No hubo disparos y eventualmente las víctimas fueron liberadas después de pasar varios días en intensas negociaciones entre cárteles, pero el incidente amenazaba con asustar a los clientes y manchar la reputación de La Leche.

“Pensé que podían pasar dos cosas: el lugar nunca se recuperaría o sería la mejor campaña publicitaria”, recuerda Cadena. “Por suerte, ocurrió lo segundo. Fuimos afortunados, porque no se derramó sangre durante un evento tan peligroso. Nos animamos gracias al apoyo que recibimos después por parte de los restaurantes locales, la comunidad de Puerto Vallarta y todos los que conocen nuestro trabajo”.

El chef Cadena dentro de la cocina de Hueso. Foto: Duncan Tucker, Vice

Sin dejarse intimidar por aquella experiencia, Cadena ha seguido haciendo lo que hace mejor: cocinar excelente comida en México. El menú de Hueso, en constante cambio, ofrece platillos finos como mejillones en caldo de res, costillas braseadas, médula con ostiones y lengua de ternera con salsa verde y aceite de carbón. La crème brûlée es demasiado buena también y si tienes suerte de venir cuando el helado de maíz está en el menú, no debes irte sin probarlo.

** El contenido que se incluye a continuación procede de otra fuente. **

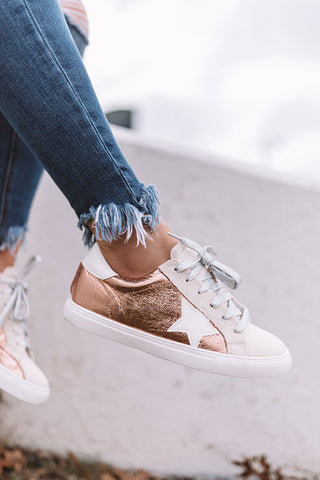 Brown Sneakers Outfits For Women (26 ideas & outfits) | Lookastic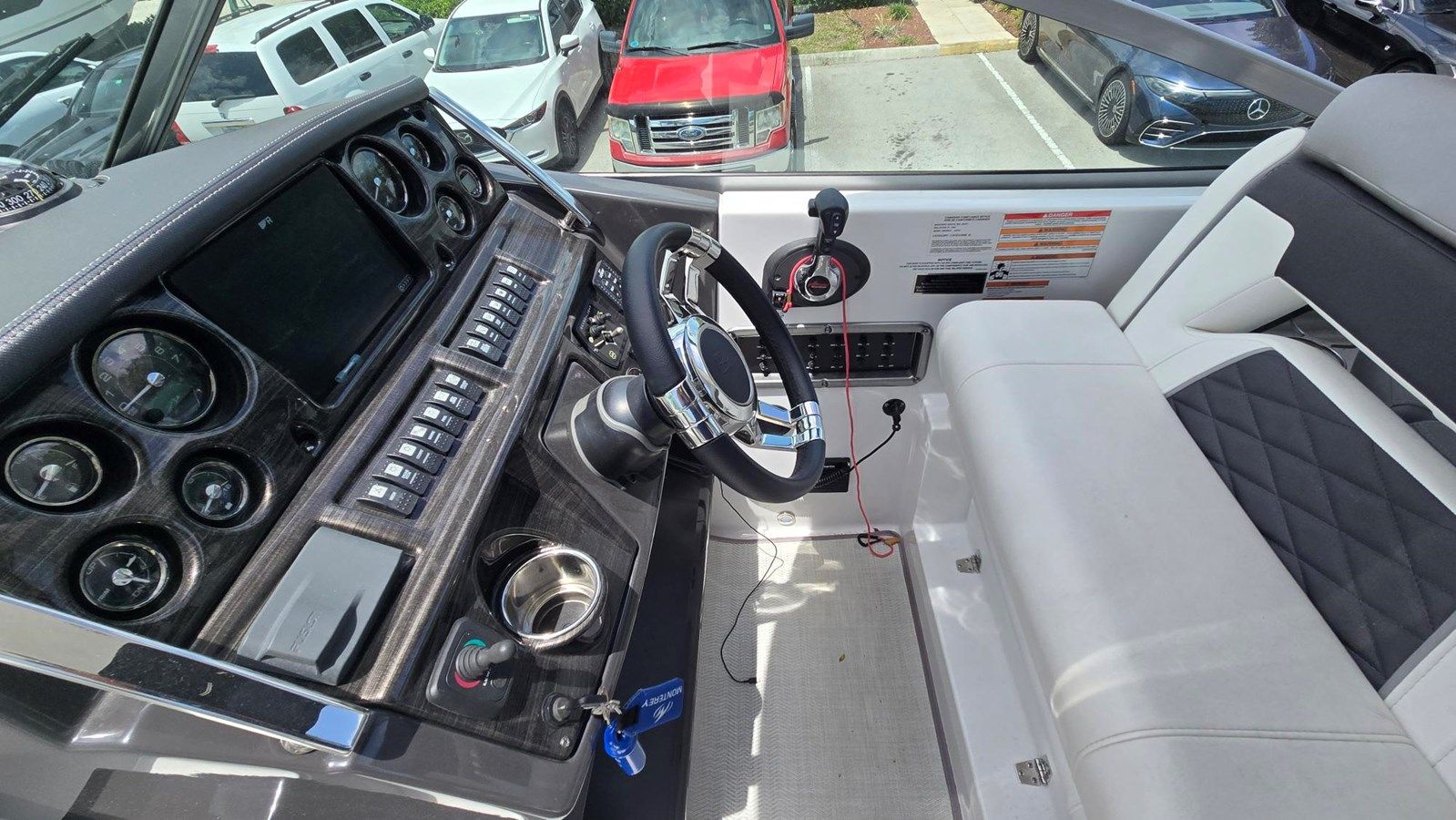 Стоимость яхты Monterey 295SY - MONTEREY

“La verdad es que el menú cambia dependiendo de cómo me siento”, dice Cadena, entre risas. “Nos gusta tener la libertad de cambiar las cosas como queramos. Si no tuviéramos excusas para escapar de la monotonía diaria, nos volveríamos locos”.

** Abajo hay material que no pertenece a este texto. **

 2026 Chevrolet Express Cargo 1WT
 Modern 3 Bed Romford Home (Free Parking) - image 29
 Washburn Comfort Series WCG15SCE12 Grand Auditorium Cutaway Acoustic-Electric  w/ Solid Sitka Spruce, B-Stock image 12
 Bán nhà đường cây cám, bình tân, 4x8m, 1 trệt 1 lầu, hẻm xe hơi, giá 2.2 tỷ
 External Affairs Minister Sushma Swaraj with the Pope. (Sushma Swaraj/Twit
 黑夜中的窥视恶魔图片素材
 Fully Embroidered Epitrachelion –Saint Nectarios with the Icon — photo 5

El menú también varía según las frutas de temporada, los mariscos más frescos disponibles cada semana y cómo el clima o la temperatura afectan las preferencias de la gente. Cadena otorga mucha importancia a usar solo ingredientes de la mejor calidad, todas las frutas, verduras, las aves y los mariscos provienen del estado de Jalisco, mientras que la carne roja la consigue en su estado natal, Sonora, famoso por sus reses.

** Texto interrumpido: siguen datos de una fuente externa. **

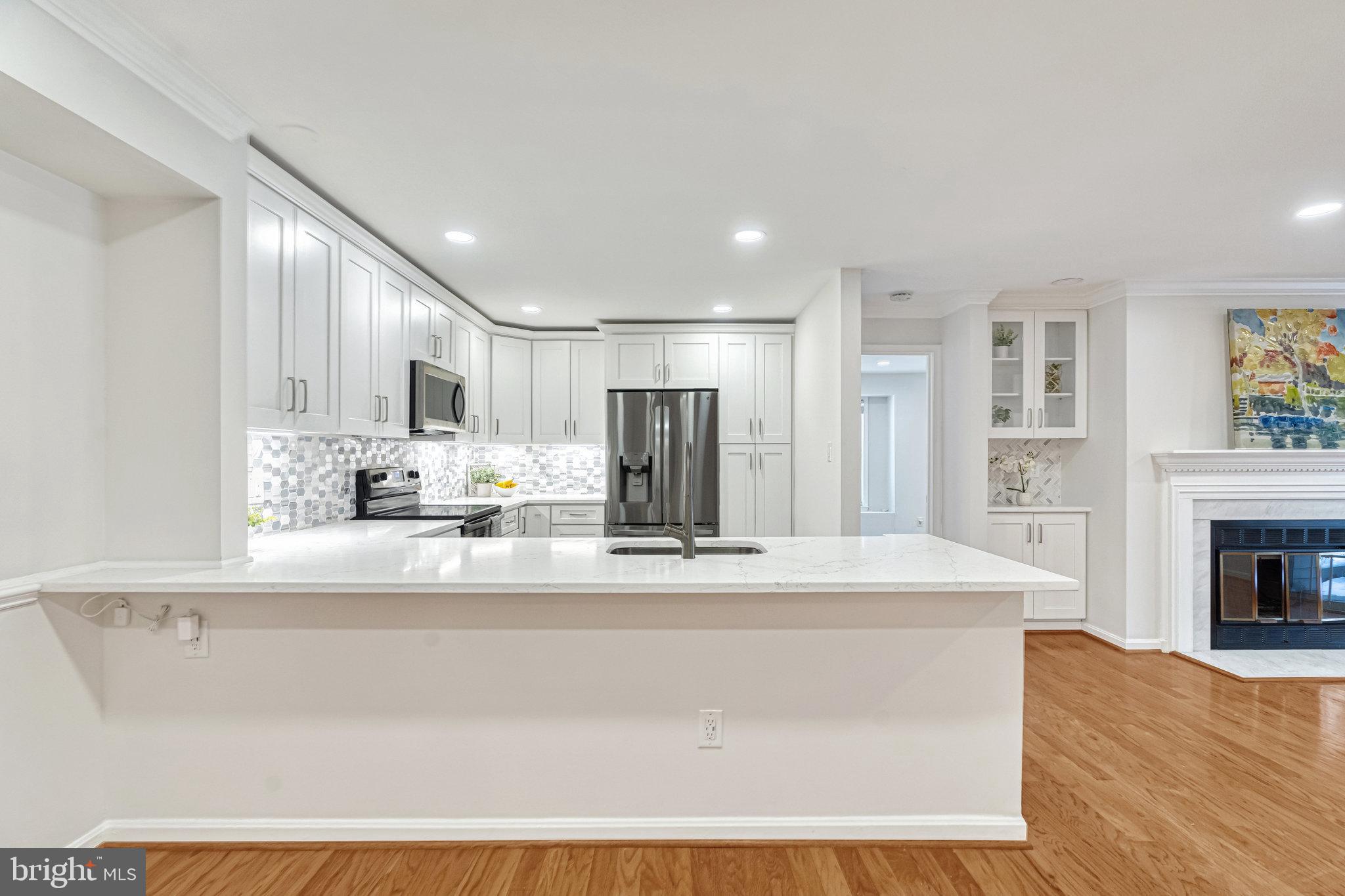 BRISTOL HOUSE - Residential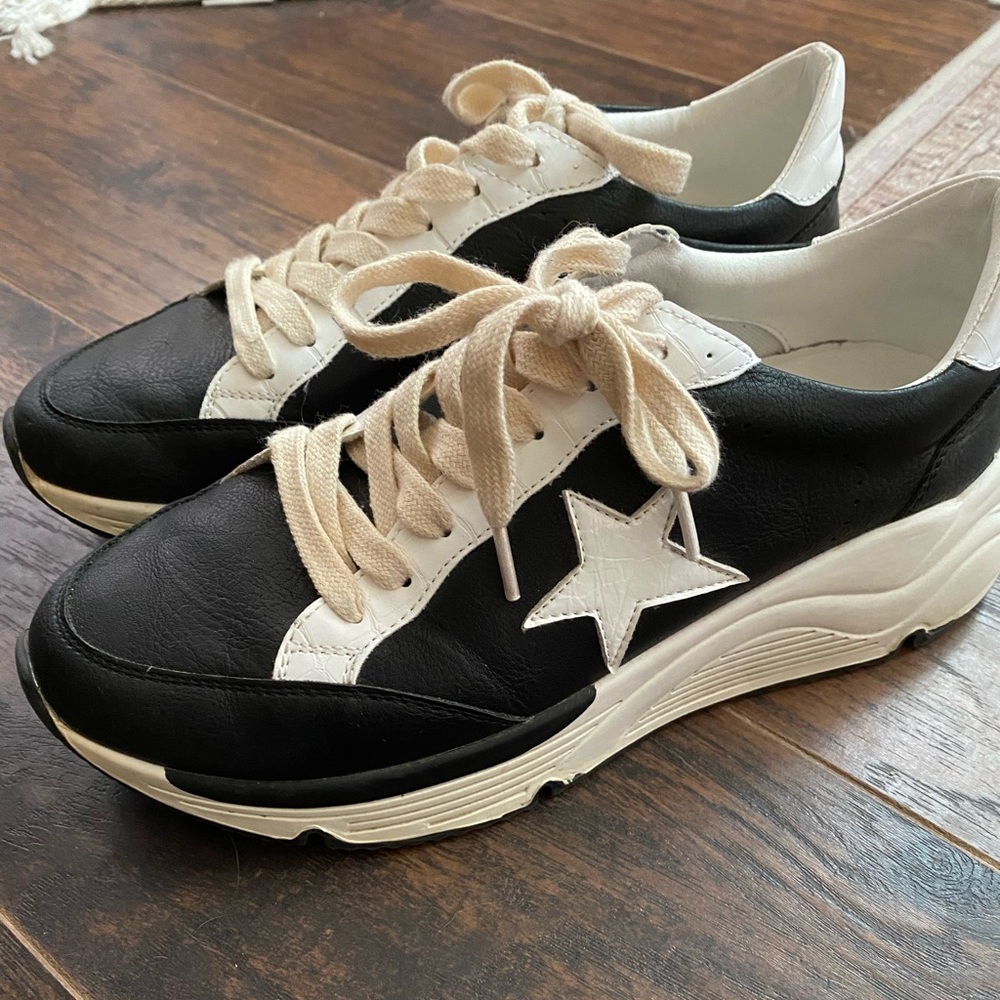 White raven/ oasis society sneakers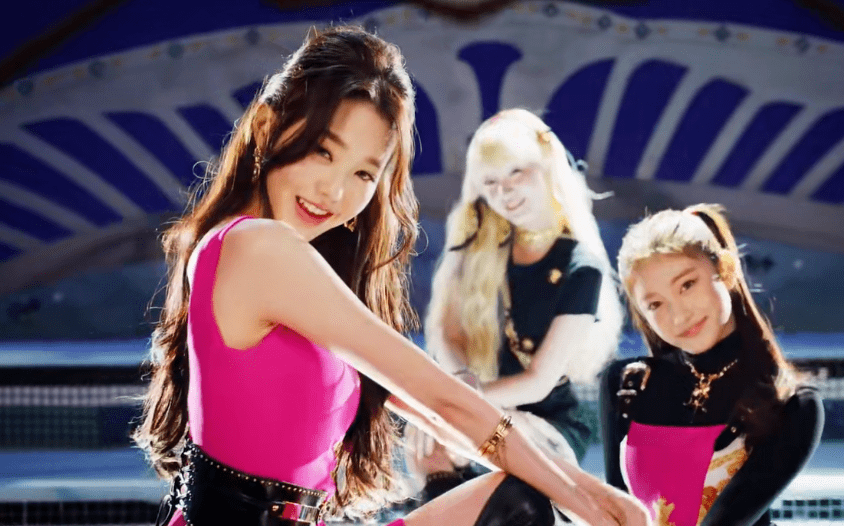 韩国女团舞蹈动作令人不适又咬手指又趴地最小成员才14岁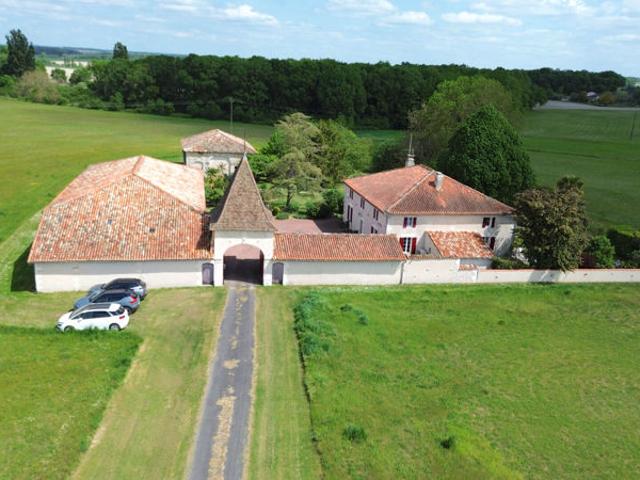 Maison Barbezieux Saint Hilaire 8 pièce s 341 m2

El menú de bebidas, curado por Monteón, presenta una selección de cervezas artesanales mexicanas, vino biodinámico de alta calidad y cócteles característicos como el agave sour, preparado con mezcal, tequila, naranja, limón, clara de huevo y jarabe de agave. Los mixólogos meticulosos de Hueso crean su propio jarabe y bebidas prehispánicas como el tejuino y el tepache para usar en la lista de cócteles que evoluciona de manera constante.

Cadena y Monteón actualmente están ocupados con su próxima aventura, un restaurante llamado Carboncabron que están por abrir en Los Cabos. En contraste con Hueso y La Leche —ambos enteramente blancos—, el lugar se ve oscuro y carbonizado por completo, como si acabara de quemarse.

A pesar de su obsesión con la estética impresionante, Cadena insiste que no hay un secreto detrás del éxito de sus restaurantes.

“Todo se basa en mis instintos”, dice. “No estamos intentando ser innovadores, solo queremos que la gente se sienta bien”.